Émirats arabes unis - Musée

Le Louvre Abu Dhabi se veut universel et local

Par Rémy Jarry, correspondant en Asie · Le Journal des Arts

Le 11 octobre 2023 - 897 mots

Le musée a conçu sa politique d’acquisition et de prêts d’œuvres d’art pour conforter sa place dominante dans le paysage culturel du golfe Persique.

Vue de l'exposition « Picturing the Cosmos » au Louvre Abu Dhabi. © Siddharth Siva / Department of Culture and Tourism, Abu Dhabi
Vue de l'exposition « Picturing the Cosmos » au Louvre Abu Dhabi.
© Siddharth Siva / Department of Culture and Tourism, Abu Dhabi

Abou Dhabi, Émirats arabes unis. Manuel Rabaté, directeur du Louvre Abu Dhabi, a placé « l’enracinement » au cœur de son projet. De la politique d’acquisition aux expositions temporaires en passant par la médiation culturelle, l’intégration du musée à l’écosystème régional est une priorité, suivant en cela la volonté des Émiratis.

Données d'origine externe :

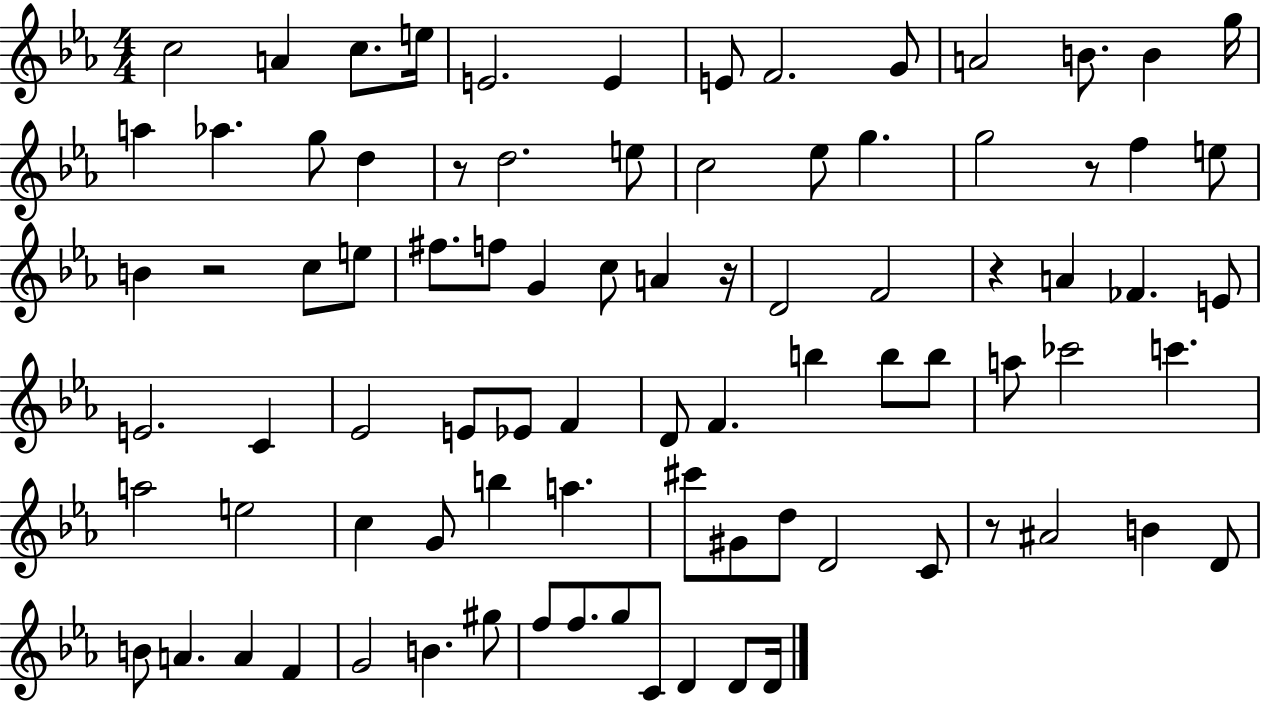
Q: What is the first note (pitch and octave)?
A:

Les concepts de « musée-racine » et « musée-miroir » sont issus des travaux d’Alexandre Kazerouni et de son ouvrage intitulé Le Miroir des Cheikhs. Musée et politique dans les principautés du golfe Persique (2017, lire JdA n° 479). Le chercheur oppose une première génération de musées créés à partir du patrimoine local (musée-racine) à une seconde, sans racine, issue de la volonté politique des familles régnantes de consolider leur pouvoir sur la scène internationale (musée-miroir), comme le Louvre Abu Dhabi.

Premier musée universel dans le monde arabe

Le musée dépendant du ministère de la Culture d’Abou Dhabi, cette émiratisation se reflète dans le développement de sa collection permanente : les collections propres représentent désormais 60 % des pièces exposées, contre 50 % lors de l’inauguration du musée en 2017. Les 40 % restant sont essentiellement issus des musées français via l’agence France Muséums, un partenariat « tellement important qu’il restera structurant », selon Rabaté. L’accord-cadre avec la France a d’ailleurs été récemment étendu de 2037 à 2047. Les prêts des musées français permettent l’exposition de chefs-d’œuvre comme le Saint Jean-Baptiste de Léonard de Vinci, faute de Salvador Mundi, œuvre attribuée à l’atelier du maître, un temps escomptée, mais qui n’intégrera finalement pas le musée.

Outre l’enracinement, Manuel Rabaté défend le modèle du musée universel. Il le conçoit comme « un point de rencontre entre le Louvre et Abu Dhabi » dont « l’universalisme réinventé dans son territoire » repose sur des « bases anthropologiques universelles ». Inaugurée en février 2023, la Abrahamic Family House, complexe interconfessionnel réunissant une mosquée, une église, une synagogue ainsi qu’un centre éducatif, ajoute un pendant œcuménique à cet universalisme.

Attirer le public local

Le programme d’expositions s’adapte aux publics des Émirats arabes unis, à l’instar de « Bollywood Superstars : A Short Story of Indian Cinema » (24 janvier-4 juin 2023), dont le commissariat a été assuré par le Musée du Quai Branly pour le Louvre Abu Dhabi. C’est un choix délibéré sachant que la communauté d’Asie du Sud (Inde, Pakistan, Bangladesh, Népal et Sri Lanka) compte pour plus de la moitié de la population du pays. Les Émiratis ne représentent que 12 % des résidents. D’autres initiatives ont été développées en direction de la communauté philippine avec le prêt d’un masque funéraire préhispanique en or de l’Ayala Museum (Manille). Selon Rabaté, ce prêt a stimulé la fréquentation des résidents philippins.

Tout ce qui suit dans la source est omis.